For this long-overdue movie about the reggae legend, MacDonald could have easily have made this a bloated mess, packed with stars and critics further analyzing Bob Marley's life. Instead, he uses remarkable access to Marley's friends, family and bandmates to make this an often intimate, always entertaining and sometimes heartbreaking view of the man himself.  Hit the jump for a review of Kevin Macdonald's Marley on Blu-ray.

It would be impossible to make a nearly-great movie about Bob Marley without it being saturated with politics, but even as Macdonald weaves those strains through his flick, it is at heart still just about a man who loved "music, cricket and football." From the movie's beginning with Marley's in a tiny shack in St. Ann, Jamaica, it's how the political and personal strains mix that make Marley such a lively mix.

In getting early to what would make the identity of reggae's leading man, Macdonald tells the story of Marley's father, the white Jamaican Marine Norval Marley, who along with his military service was just as devoted to spreading his seed all around the island. Just as Macdonald lays out how Marley's musical doctrine of a higher "One Love" sprang at least somewhat from him not fitting in perfectly with any one racial group, he later gets into - with some of Bob Marley's many children - just how much it was like father, like son.

From there, Macdonald's movie works seamlessly into the origins of reggae's move into Western culture with many of the players that made it happen - the good, the bad and the ugly.
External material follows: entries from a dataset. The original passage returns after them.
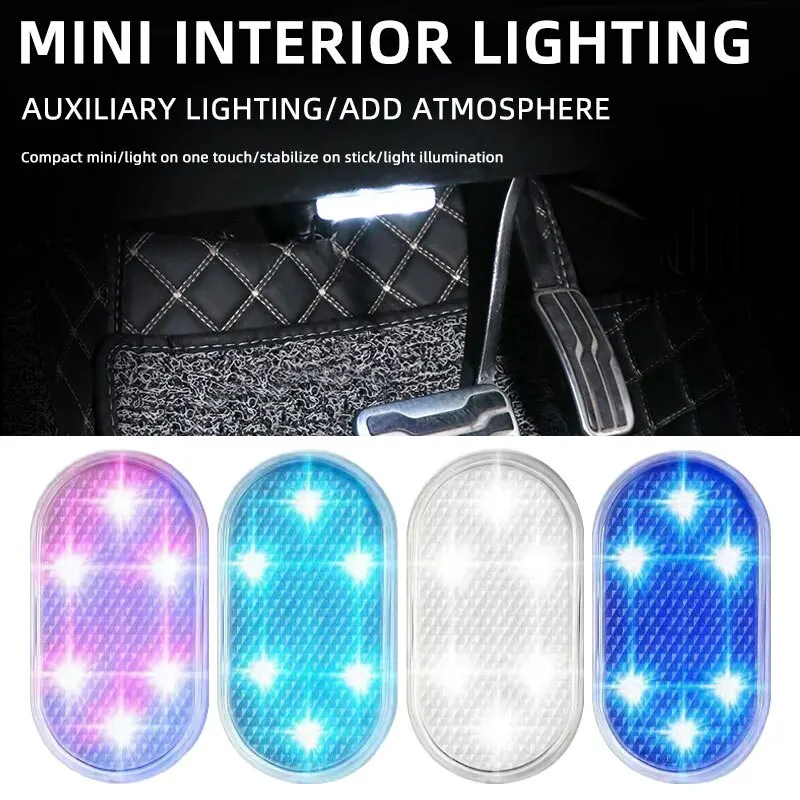 Automobilový interiér Dome Light Fing dotykový senzor mini LED čítanie lampa Strecha Magnety USB nabíjanie Atmosféra žiarovka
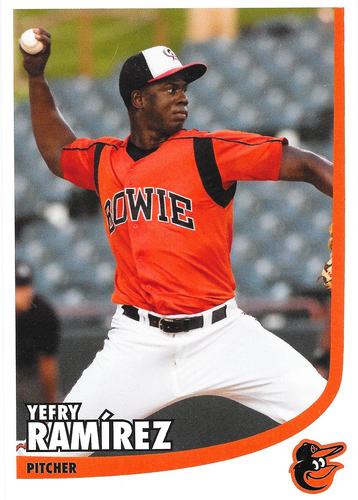 2018 Baltimore Orioles Photocards #NNO Yefry Ramirez Front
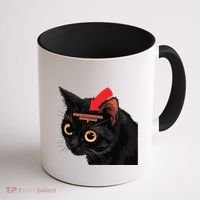 Full Of Paranoid Delusions And Violent Funny Meme Cat Coffee Mug thumb 1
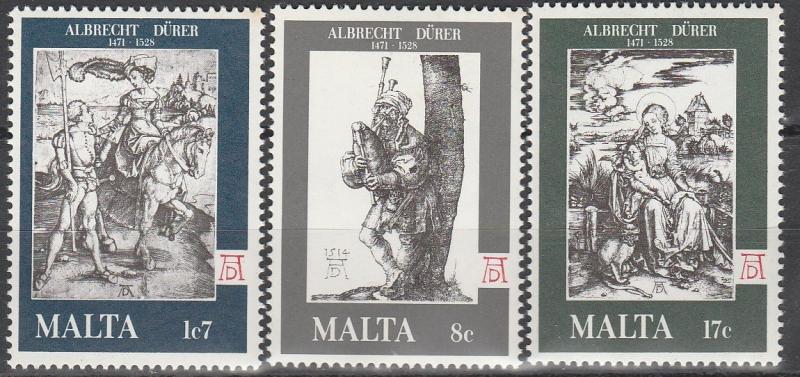 Malta #544-6  MNH F-VF (V3063)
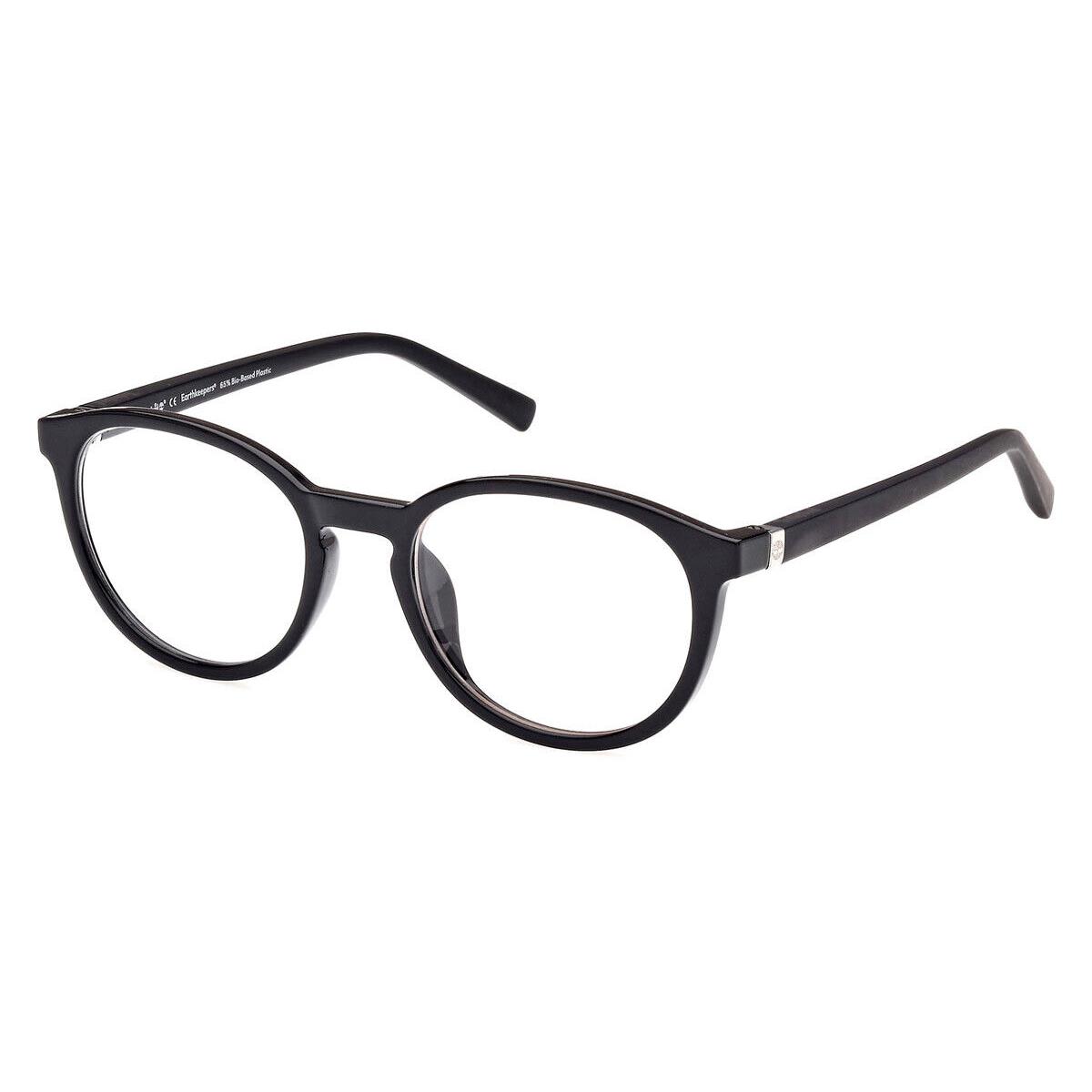 Timberland TB1780-H Eyeglasses Men Shiny Black Round 51mm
It's as achingly beautiful to hear gems like Marley's first recording for Beverley's Records, "Judge Not," as it is simply painful to hear the original Wailers---Bob, Bunny Wailer and Peter Tosh---recording "do-overs" in which they just try to sound like popular acts of the day such as the Temptations.

I don't want to spoil the story for anyone unfamiliar with it (as I largely was), but there are small gems throughout the telling of Marley's tale, from what life was like when he lived with his mother in Wilmington, Del. (yes, really, and in one shot just how much it looks like Trenchtown. It's after his return to Jamaica, however, that the politics and beat that guided Marley's life truly meld, and Macdonald's movie hits its groove.

And though Marley was an exceptionally strong figure, it's the people around him that drove him in different directions and the access to them that gives Macdonald's movie juice. From Island Records founder Chris Blackwell admitting he "pasteurized" the reggae sound by adding keyboards and other elements, to producer Lee "Scratch" Perry fighting on the other side to keep it both pure and adventurous at the same time, the musical access is amazing. On the political side, as Marley plays two free concerts in Jamaica and, unwittingly or otherwise, takes on an almost messianic role for its people, it's the spectacular footage that puts you in the heady moment.

Macdonald's movie only starts to drag and his attention to detail finally catches up with him near the end of Marley's life, but perhaps that's just a personal opinion. Seeing this giant of a man so frail and gaunt, shorn of his beloved locks, is extremely hard to watch as Macdonald lingers perhaps a bit too long on Marley's fruitless search for a way to extend his life.

Overall, however, Marley is an equally intimate and grand portrait of reggae's leading figure, a must-see for fans of the genre and entertaining and enlightening to others unfamiliar with this world. Though the extras are relatively scant - mainly more interviews and a commentary from Macdonald - it's a complete portrait of a complicated man.